Filed Date: 9/15/1997
Status: Precedential
Modified Date: 11/1/2024
Appeal by the defendant from a judgment of the County Court, Nassau County (Kowtna, J.), rendered July 19, 1995, convicting him of grand larceny in the third degree, upon a jury verdict, and imposing sentence.
Ordered that the judgment is affirmed.
Viewing the evidence in the light most favorable to the prosecution (see, People v Contes, 60 NY2d 620), we find that it is legally sufficient to establish the defendant’s guilt beyond a reasonable doubt. Moreover, resolution of issues of credibility, as well as the weight to be accorded to the evidence presented, are primarily questions to be determined by the jury, which saw and heard the witnesses (see, People v Gaimari, 176 NY 84, 94). Its determination should be accorded great weight on appeal and should not be disturbed unless clearly unsupported by the record (see, People v Garafolo, 44 AD2d 86, 88). Upon the exercise of our factual review power, we are satisfied that the verdict of guilt is not against the weight of the evidence (CPL 470.15 [5]).
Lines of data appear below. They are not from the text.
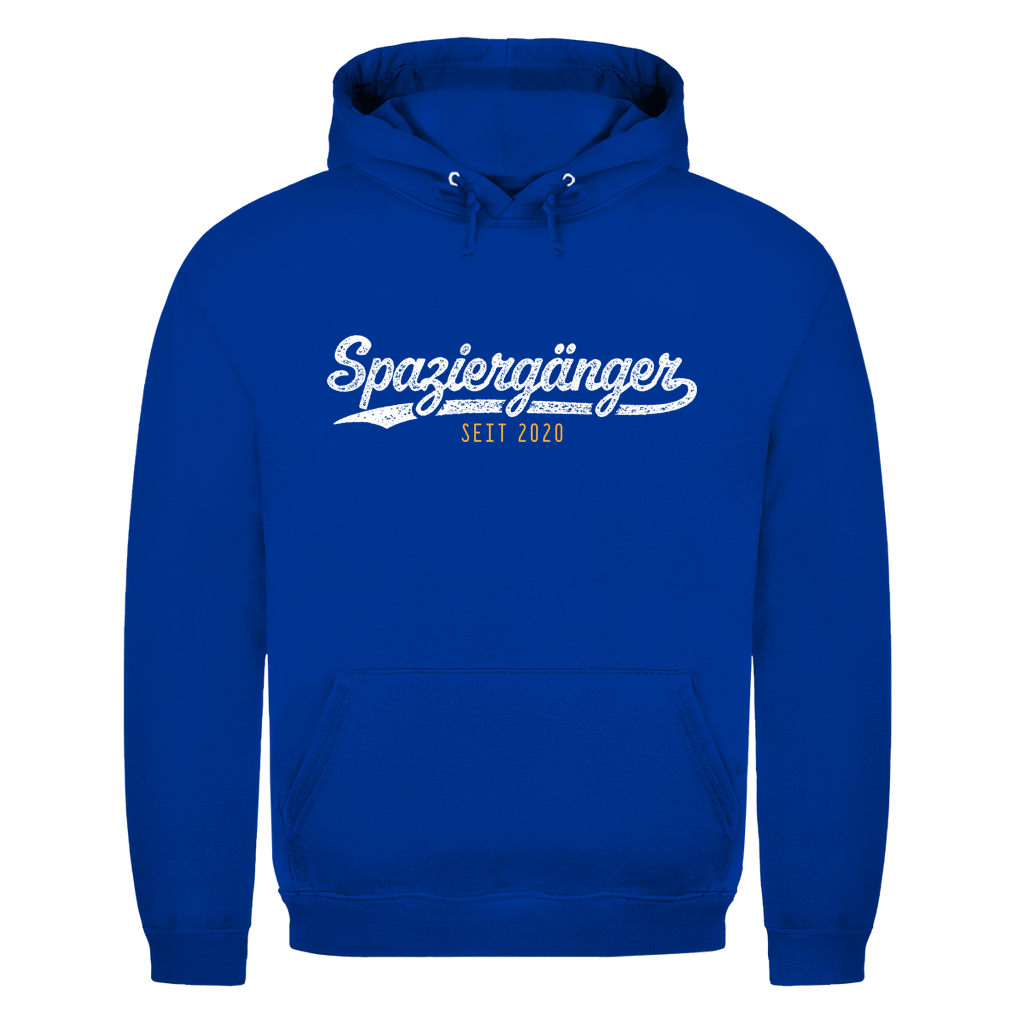 Herren Hoodie Spaziergänger seit 2020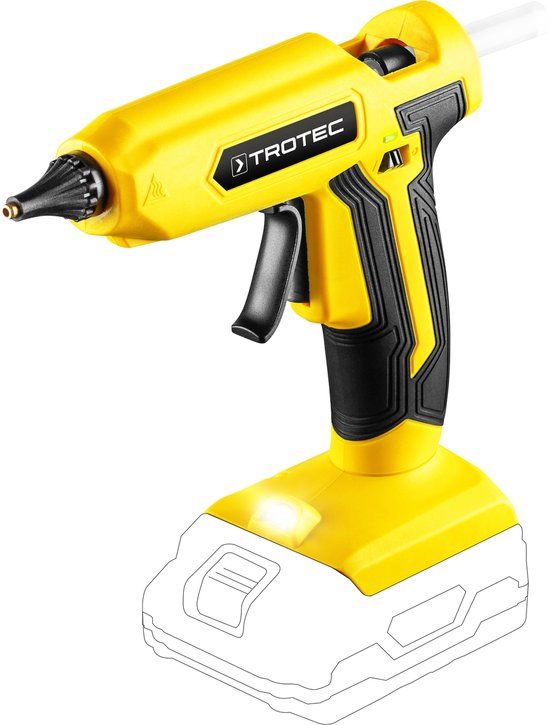 TROTEC Draadloos lijmpistool PGGS 10-20V NB zonder accu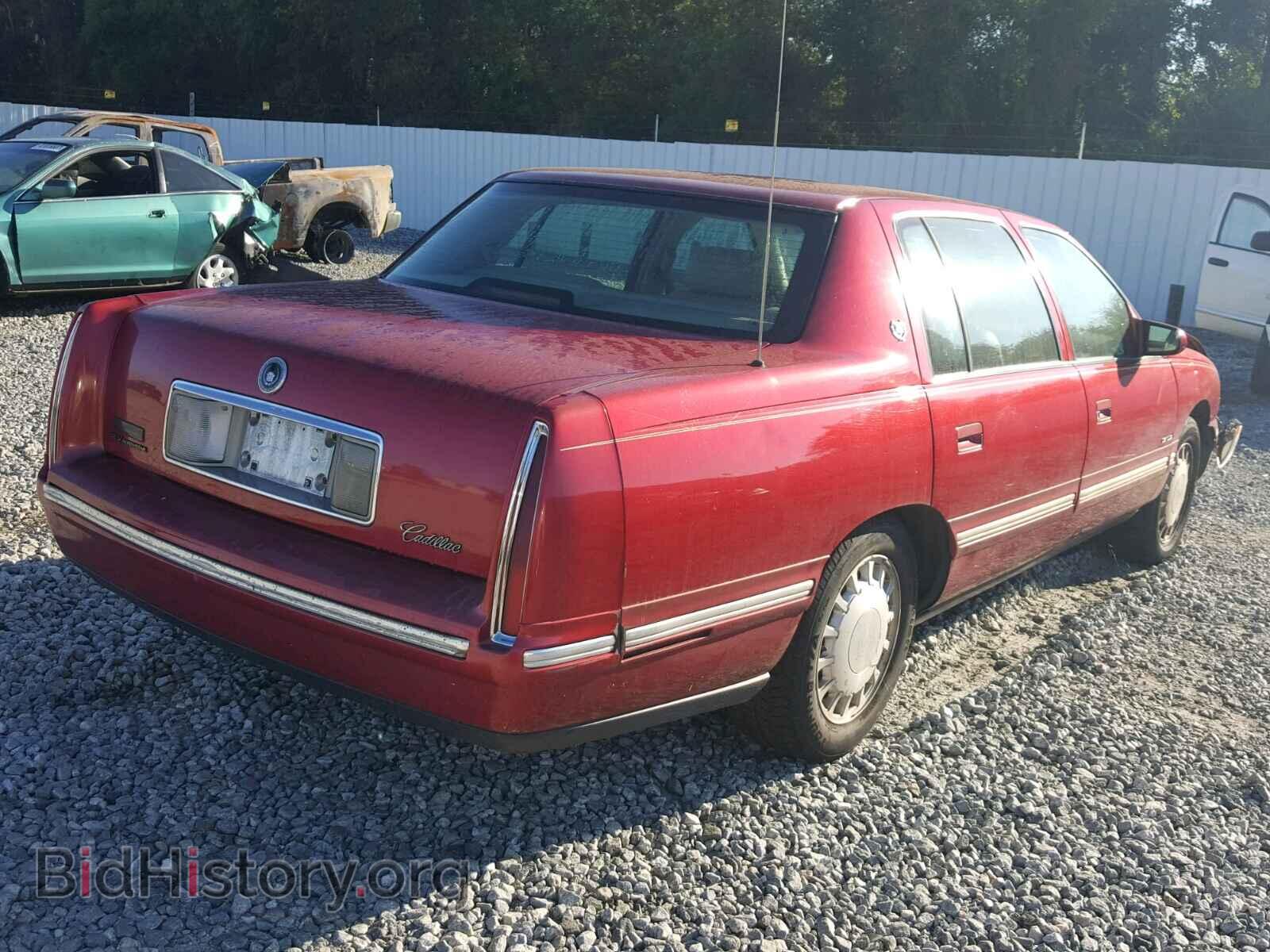 1999 CADILLAC DEVILLE - VIN: 1G6KD54Y8XU701417 - Фото 4
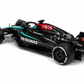Hot Wheels Premium Mercedes-AMG PETRONAS F1 Team 2024 #44 & #63 1:64 Diecast Set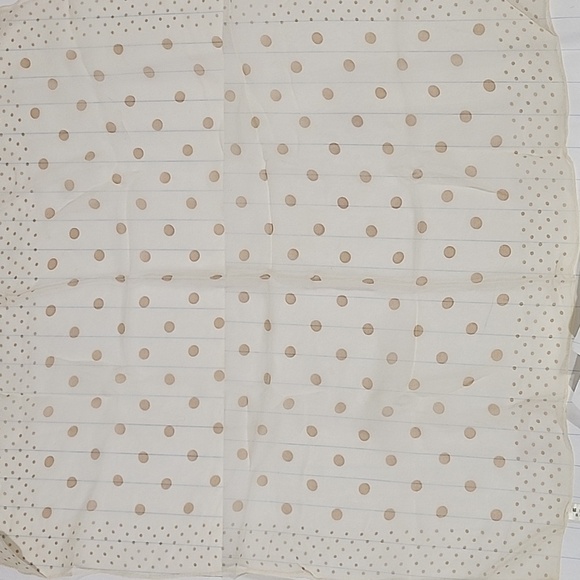 5 pcs Sheer silk Scarf ELLE Paris, Gap and Japanese silk square silk scarves - Picture 4 of 16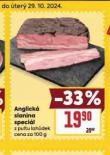 ANGLICK SLANINA SPECIL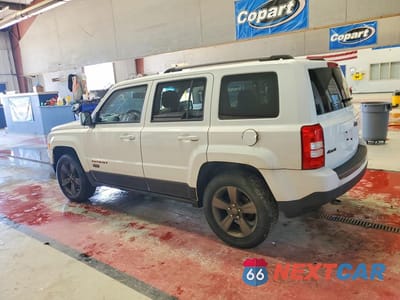 Drugie zdjęcie samochodu z przodu: 2016 JEEP PATRIOT SPORT VIN:1C4NJRBB4GD695236 - miniatura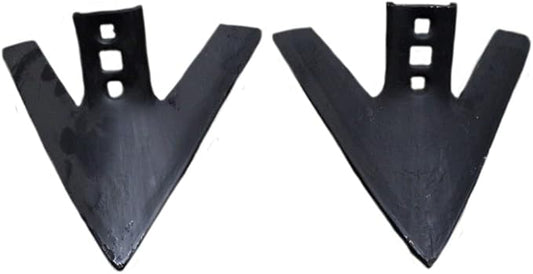 RAParts New 8" Cultivator Sweeps Fits Farmall 140 130 Super A 100 Fits Cub A B Super C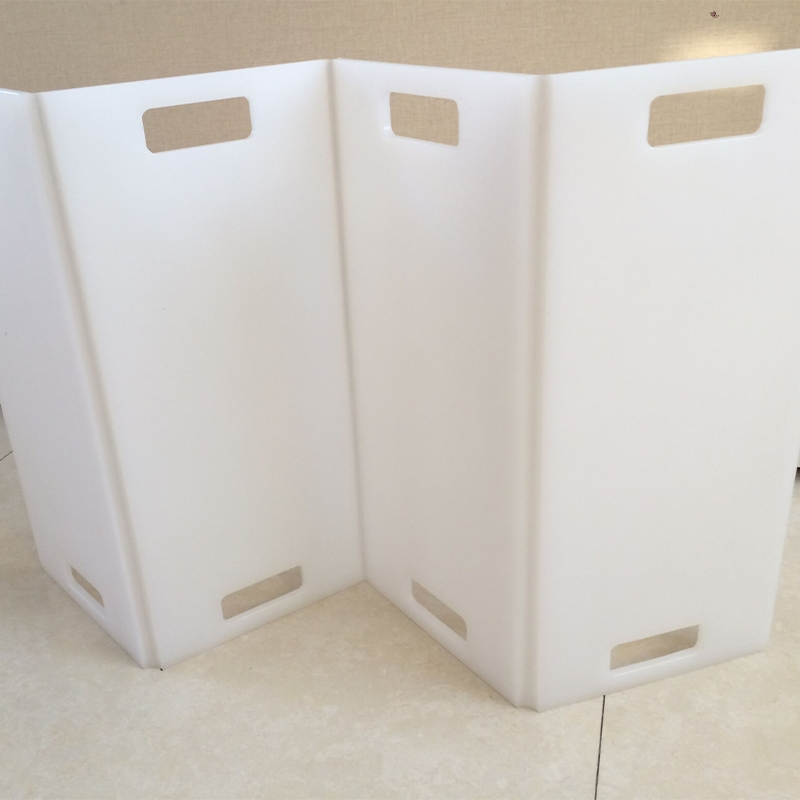 Excellent Quality, Sanitary HDPE Plastic Cutting Board Chopping Board for Kitchen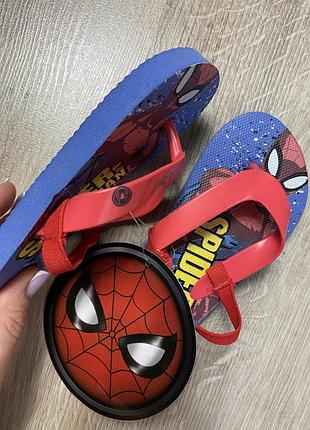 Шлепанці marvel 2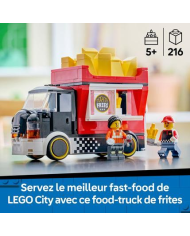 LEGO City - Food-Truck de Frites City (60488)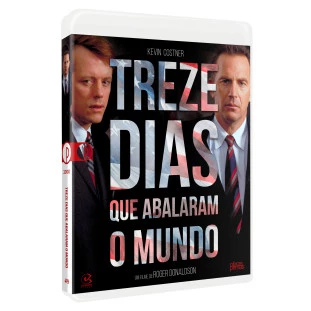 Blu-ray - Treze Dias que Abalaram o Mundo - Edição de Colecionador  (Kevin Costner)
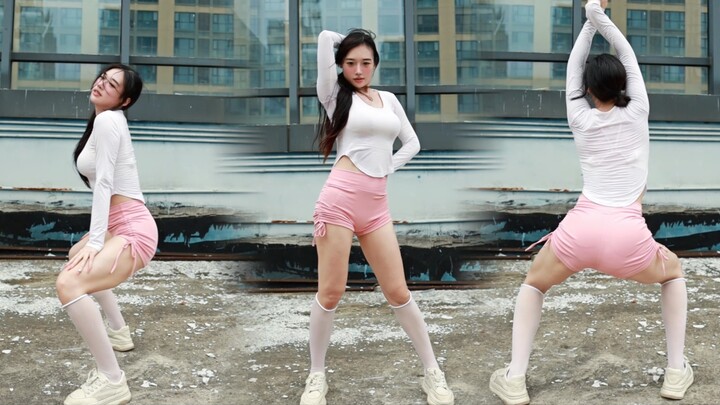 【Yang Zhou Zhou】4K vertical screen, dancing in an 8-grade gale—wiggle wiggle dance cover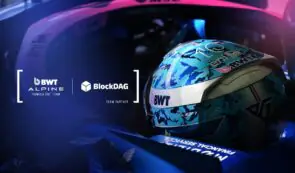 BlockDAG 与 BWT Alpine Formula 1® 车队合作，成为首个 Layer-1 区块链项目，巩固其作为最佳加密货币的地位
There is no merit to the defendant’s contention that the trial court improvidently exercised its discretion in denying his motion for a trial separate from that of his codefendant, as the defendant failed to demonstrate that his defense and that of his codefendant were in “irreconcilable conflict” (see, People v Mahboubian, 74 NY2d 174; People v Apolinar, 208 AD2d 548, 549). Additionally, the trial court did not improvidently exercise its discretion in denying the defendant’s motion for a mistrial (see, People v Ortiz, 54 NY2d 288, 293; People v Furst, 222 AD2d 299, 300; People v Hayden, 221 AD2d 367, 368).
The sentence imposed was not excessive (see, People v Suitte, 90 AD2d 80). Miller, J. P., Florio, McGinity and Luciano, JJ., concur.